I was looking for an area to sit for our three-hour layover in route to our final destination, which was another 5 hours away. There was nowhere to wait without my children inhaling second hand smoke and that would at least give me some peace of mind. It was evident that the airline I chose had never given any thought to the traveling wearied mother persona, or the thousands of other parents who had to brave (yes, it takes guts) traveling with young children, or they just didn’t care about my personal experience.
According to Segment’s 2017 Personalization Report, on average 71% of consumers are frustrated with an impersonal experience and 44% said that they will more than likely become repeat buyers after a personalized experience with a well-known brand.
Of course, it’s unrealistic to expect the needs of every individual to be met, but mapping out customer journeys allows companies to create experiences that will serve the personal needs of different personas yet make them feel equally special.
We’ll look at the definition of a customer journey map, the importance of mapping based on your customer personas, and by the end of this you’ll know how to create a map with a customer centric approach that naturally uses, not products or services, but experiences that motivate customers to buy more and be loyal.
What’s a Customer Journey Map
A customer journey map is a visual aid identifying every interaction a customer has from the moment a need arises to beyond it being fulfilled. It provides an overall understanding of customer pain points, efforts, inquiries, concerns, expectations and other valuable insights on the customer experience.
Keep in mind that the experience is everything that is perceived, felt and remembered by a customer, while also being empathetic to his reality and needs before, during and after the purchase.
Gartner’s market guide states that understanding the customer journey is critical to enhancing customer experiences and operational efficiency.
Think about Disney.

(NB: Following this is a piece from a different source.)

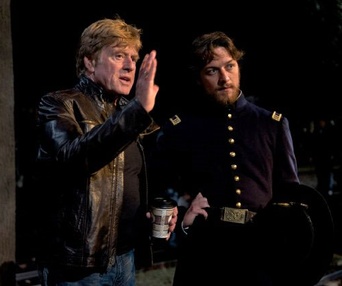 Sur le plateau du film The Conspirator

Their company motto is “creating happiness for all” and Disney employees live by it. They consistently deliver magical experiences from beginning to end. Before arrival, Disney provides access to park itineraries, tour guides, maps, parking lot shuttle info, and daily plan options. They send customized keepsake luggage tags for resort guests before the trip and help arrange for transportation to and from the airport to resort. There are shuttles to ride customers to and from parks. Disney is there for you every step of the way. They even provide line wait times for attractions to manage customer expectations. The customer is always center stage.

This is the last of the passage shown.